My arrival at CTSI is very timely. Many of the Government’s future priorities are predicated on a buoyant economy, thriving business sector and consumer confidence. Having an effective and supported Trading Standards profession will be critical in realising this vision.
In the week that I joined, the Government published its plan to reform competition and consumer protection laws. This included some welcome measures to strengthen national structures such as the Competition and Markets Authority – although it is of some concern that there was less detail on what support will be available at the local level.
Also published the same day as the proposed legislative reforms were the findings from the Government’s Consumer Protection study, which revealed the breath-taking financial costs of consumer detriment to wider society. At more than £50bn annually (not that far short of half the NHS annual budget) this is a stark reminder of why trading standards matters and why greater support is needed to ensure that consumers are protected and businesses get the right advice. Given that this detriment is likely to get worse in the years ahead, amplified by the cost-of-living crisis, greater support will be needed, particularly for our most vulnerable consumers.

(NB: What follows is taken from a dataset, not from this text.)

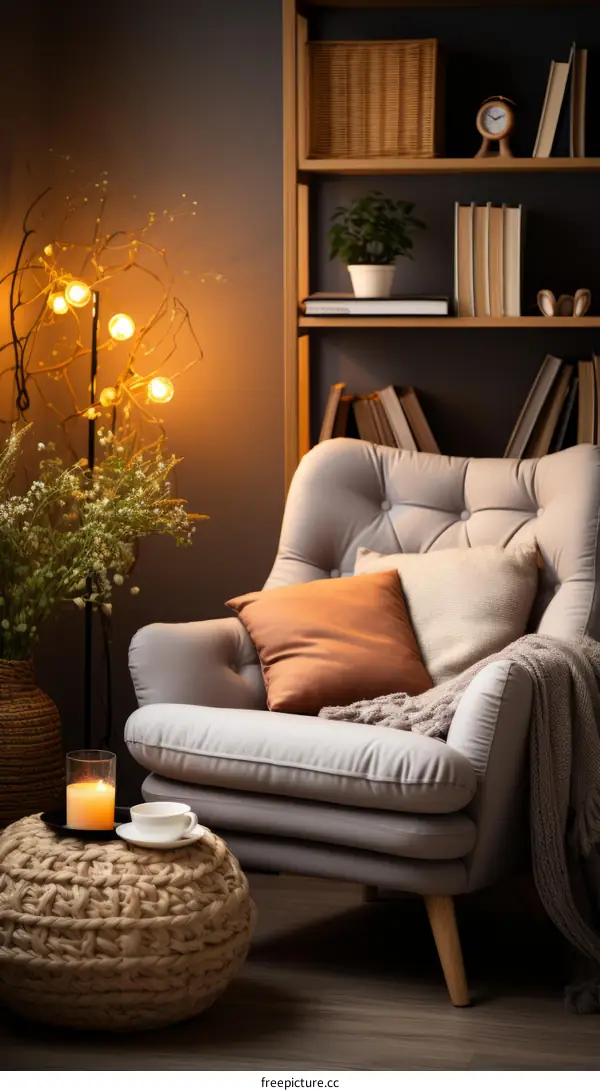 A cozy reading nook with a comfortable armchair, a warm lamp, and a cup of tea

My arrival at CTSI is also timely given the organisation’s bold 10-year Vision and Strategy which, amongst other priorities, includes an ambition for CTSI to remain a trusted voice and to develop evidence-based policies and campaigns.
Leading the conversation
Within that context, how do I hope to shape CTSI’s policy and public affairs work? In the short term I am really looking forward to working with the members to find out from them what they think are the priority issues for CTSI, and also how we can work together. I am keen for CTSI to be at the vanguard and to identify new and emerging issues as well as campaigning on key priorities that will benefit both consumers and business alike. At RSPH I successfully developed campaigns which were closely informed by members who also advocated for us, and hope that we can establish a similar modus operandi.
One of my first priorities will be to develop CTSI’s policy framework, which will be critical in helping us determine which areas we will prioritise and focus on. The result will be a number of broad thematic areas which will provide a clear narrative and will help communicate to key audiences including the media, stakeholders and public, what the Institute’s policy priorities are. Underneath each of these broad areas will be specific policy and campaigns activities.

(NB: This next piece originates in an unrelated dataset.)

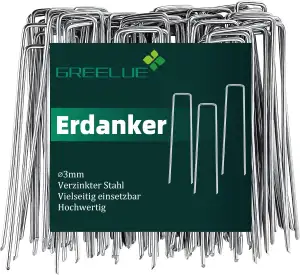 50 Stück Ø3mm Erdanker Bodenanker, 150x25mm Verzinkter Stahl Anti-Rost Erdnägel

Another important priority will be building the evidence base to support our policy and campaigns work. The views and expertise of our membership will be fundamentally important, as will our ability to call upon other sources of research, including input from expert stakeholders and the general public. In my previous role I focused on championing the public’s health – ensuring that much of what we did was not only supported by the evidence, but also had the voice of the public included. In developing CTSI as an independent voice for consumer protection it is important that where appropriate we also include the voice of the consumer. It is also vitally important that we make CTSI’s approach as engaging, creative and distinctive as possible.

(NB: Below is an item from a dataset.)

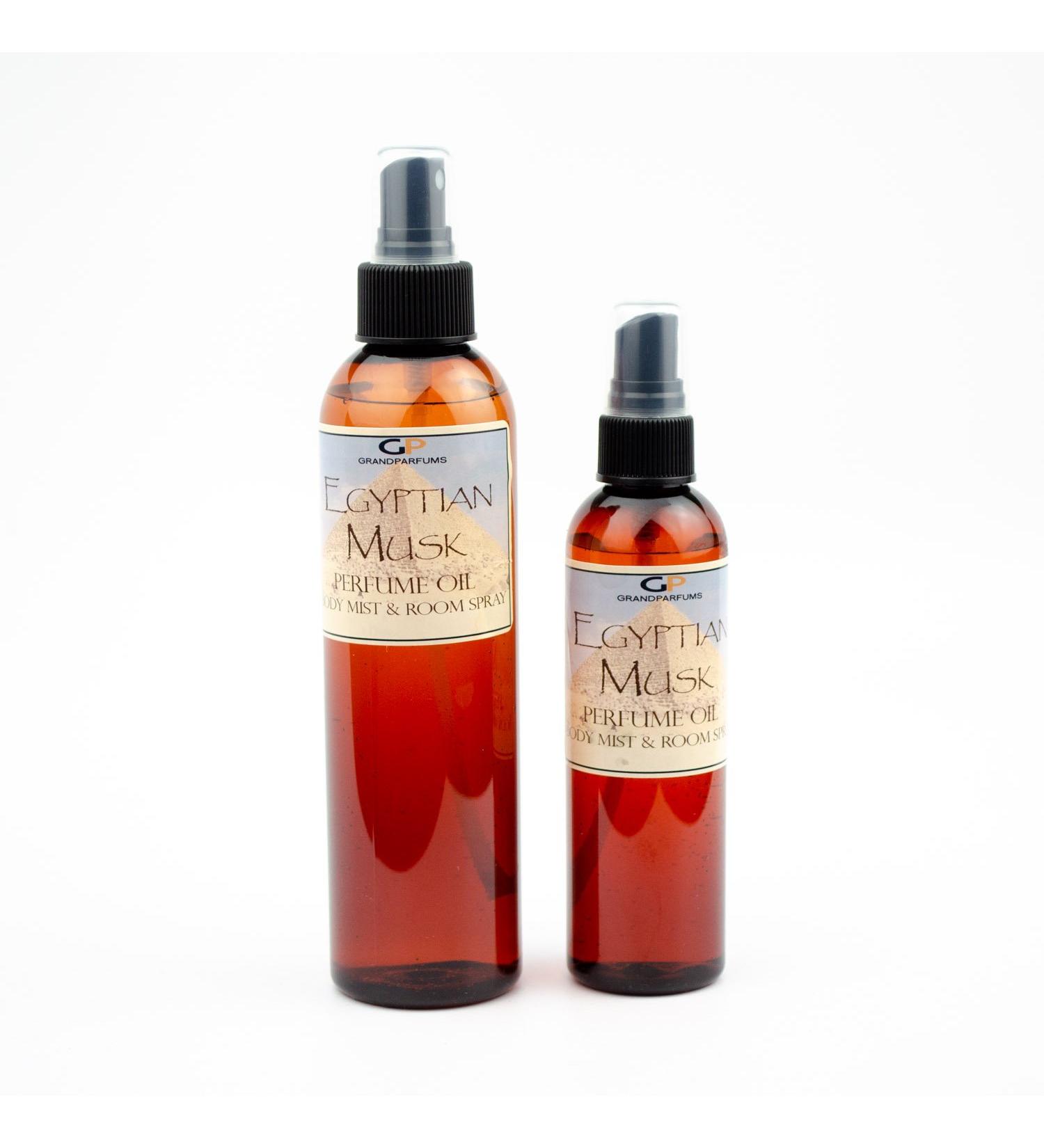 Grand Parfums Egyptian Musk Perfume Body Mist and Room Spray (4 Oz Black Spray Cap) 1 Count (Pack of 1) Black Spray Cap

In the longer term I hope that this will lead to greater awareness among members, Government, the media and wider stakeholders as to which policy priorities CTSI is focused on. Success would be for CTSI to be at the forefront of influencing and achieving changes to policy and practice which would benefit consumers, businesses and our professionals. Ultimately this will contribute towards supporting CTSI’s vision that the UK prospers economically through fair and safe trade.